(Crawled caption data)
┄┄┄┄┄┄

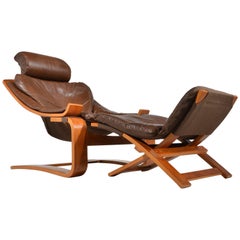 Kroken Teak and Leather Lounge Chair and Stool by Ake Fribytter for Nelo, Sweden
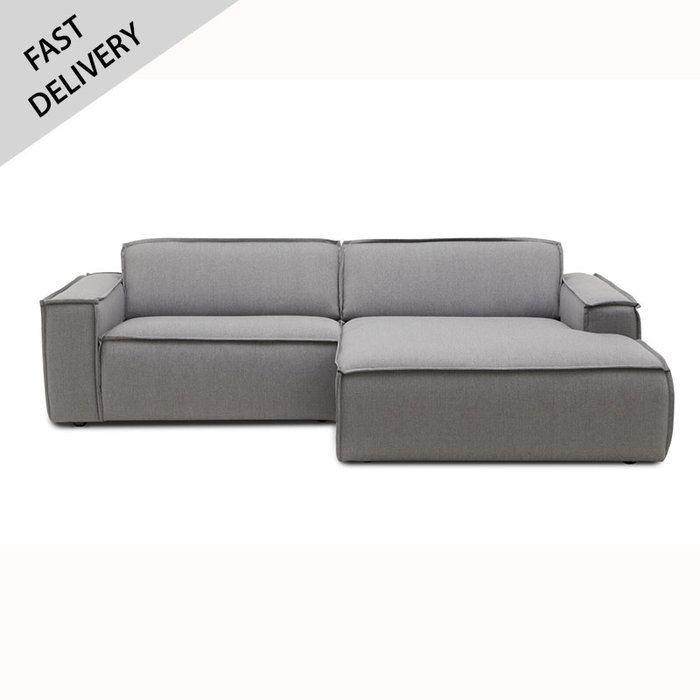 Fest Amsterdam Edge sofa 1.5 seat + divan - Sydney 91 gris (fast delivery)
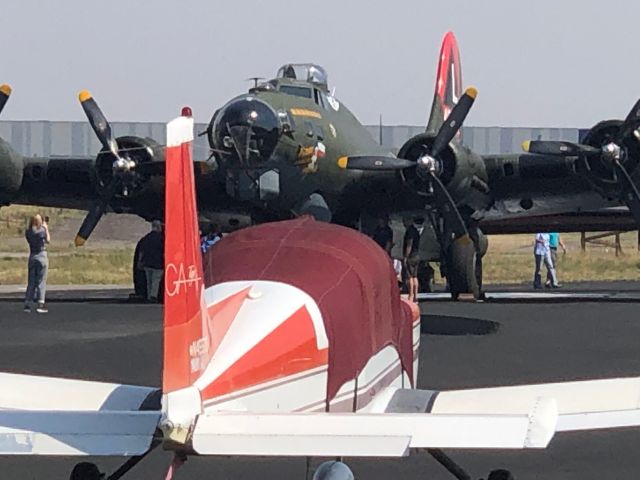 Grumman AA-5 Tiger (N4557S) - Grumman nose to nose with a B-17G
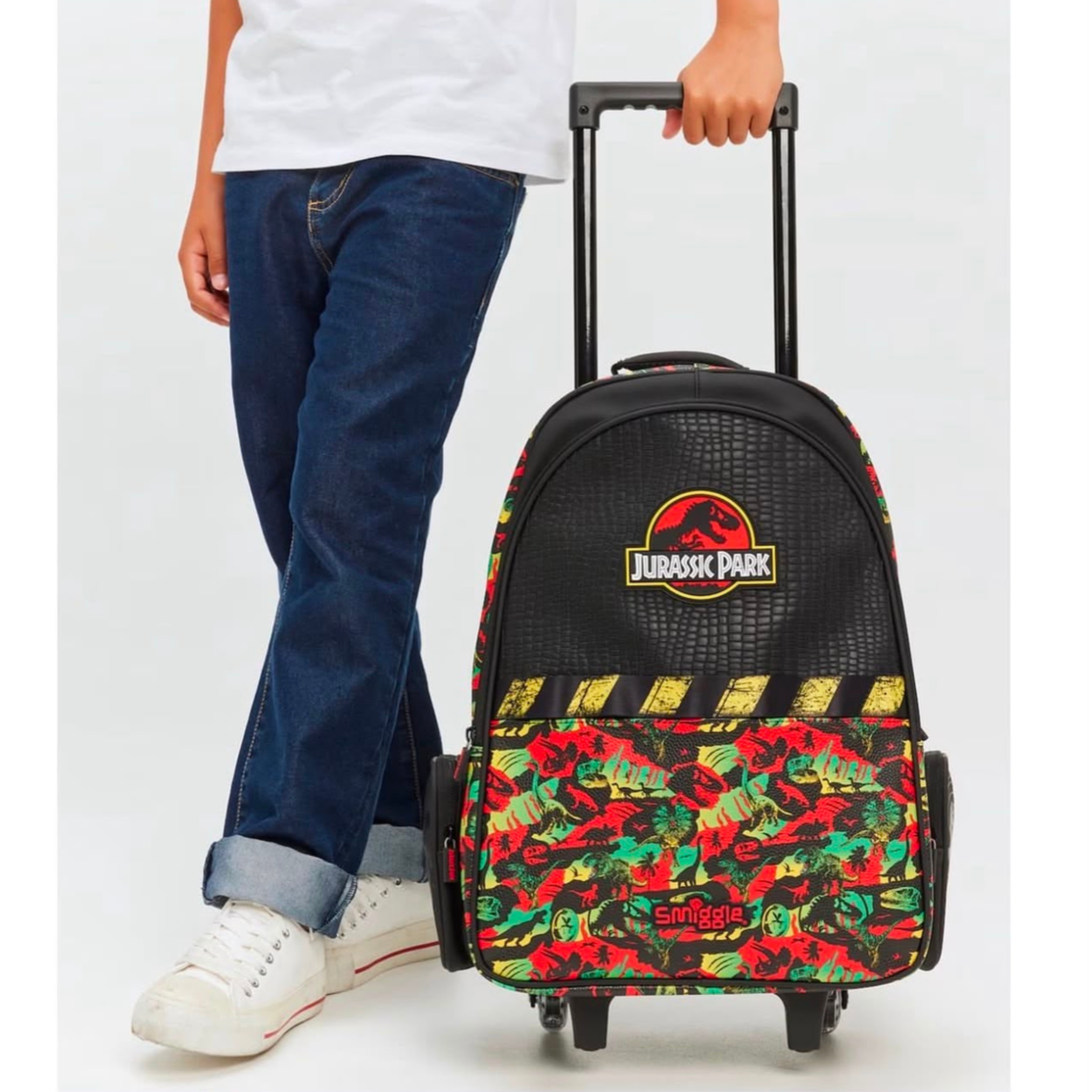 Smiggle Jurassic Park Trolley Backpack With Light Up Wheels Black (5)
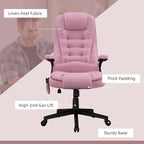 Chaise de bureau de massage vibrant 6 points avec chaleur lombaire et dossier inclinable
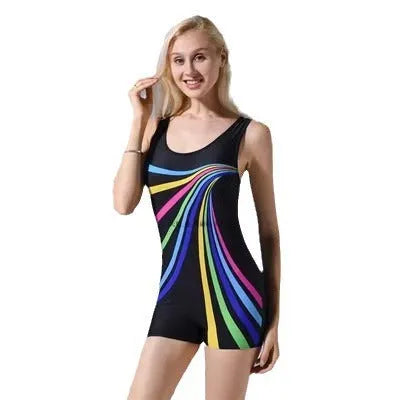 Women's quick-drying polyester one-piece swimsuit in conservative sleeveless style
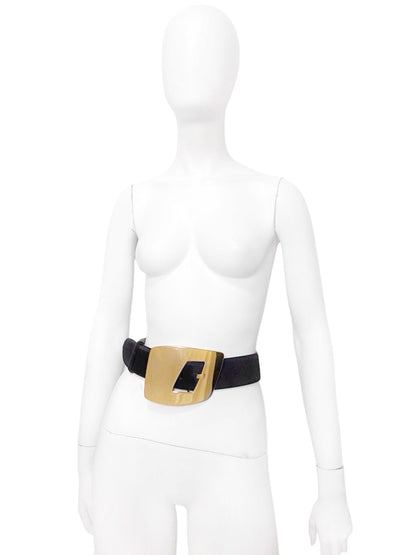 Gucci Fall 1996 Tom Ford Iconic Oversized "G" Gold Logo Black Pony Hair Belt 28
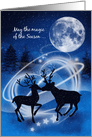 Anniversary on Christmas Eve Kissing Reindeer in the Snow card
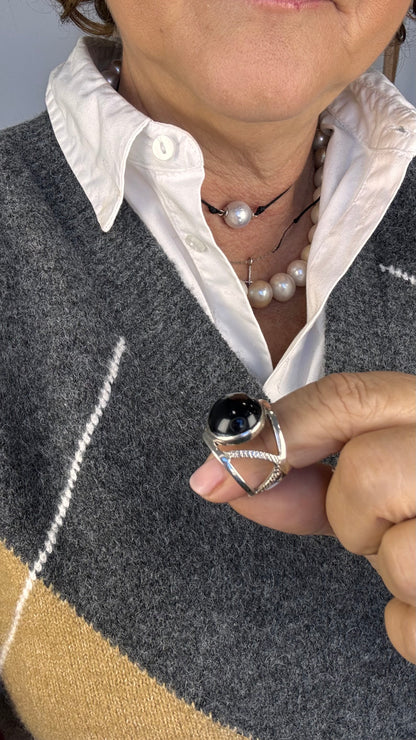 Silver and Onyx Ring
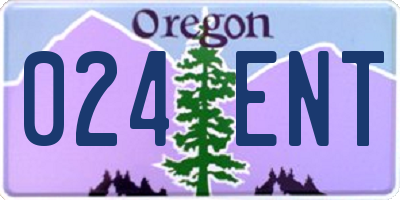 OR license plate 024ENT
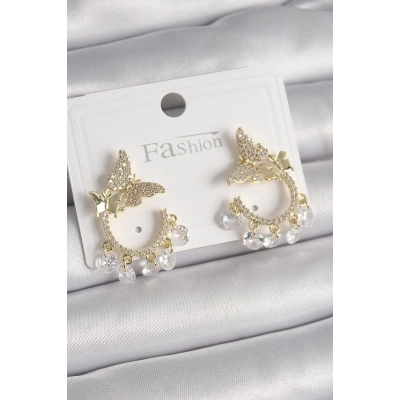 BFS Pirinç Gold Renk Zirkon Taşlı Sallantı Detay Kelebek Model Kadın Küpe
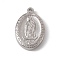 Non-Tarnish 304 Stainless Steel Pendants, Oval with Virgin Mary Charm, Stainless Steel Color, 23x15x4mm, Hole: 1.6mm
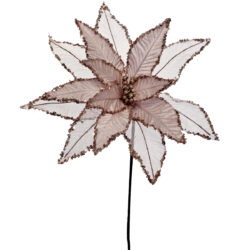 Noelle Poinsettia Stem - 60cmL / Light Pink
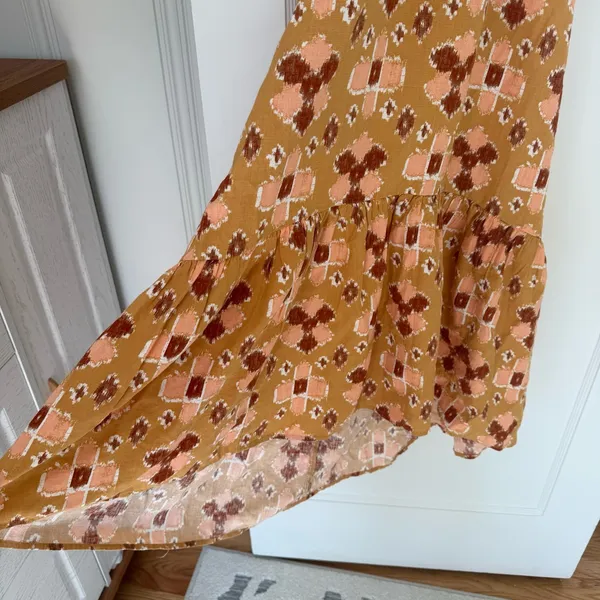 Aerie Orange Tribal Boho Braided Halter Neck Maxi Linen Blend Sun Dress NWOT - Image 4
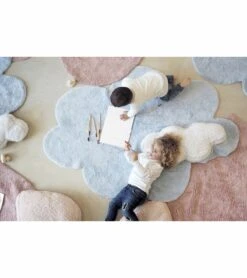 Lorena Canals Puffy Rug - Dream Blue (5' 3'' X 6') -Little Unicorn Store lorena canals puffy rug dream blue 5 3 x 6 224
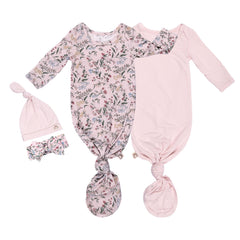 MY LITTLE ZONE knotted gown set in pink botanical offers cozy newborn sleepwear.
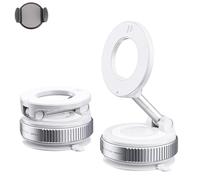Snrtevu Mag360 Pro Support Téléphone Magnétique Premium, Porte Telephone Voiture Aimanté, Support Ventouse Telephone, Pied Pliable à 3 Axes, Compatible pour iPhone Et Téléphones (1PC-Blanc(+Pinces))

┄┄┄┄┄┄

DIRECTIONS | Write out the lines above from the one with "Aerie Orange Tribal" through the one with "MY LITTLE ZONE", ends included, exactly; no picture goes in.

WRITTEN ANSWER |
 Aerie Orange Tribal Boho Braided Halter Neck Maxi Linen Blend Sun Dress NWOT - Image 4
 Lorena Canals Puffy Rug - Dream Blue (5' 3'' X 6') -Little Unicorn Store lorena canals puffy rug dream blue 5 3 x 6 224
 MY LITTLE ZONE knotted gown set in pink botanical offers cozy newborn sleepwear.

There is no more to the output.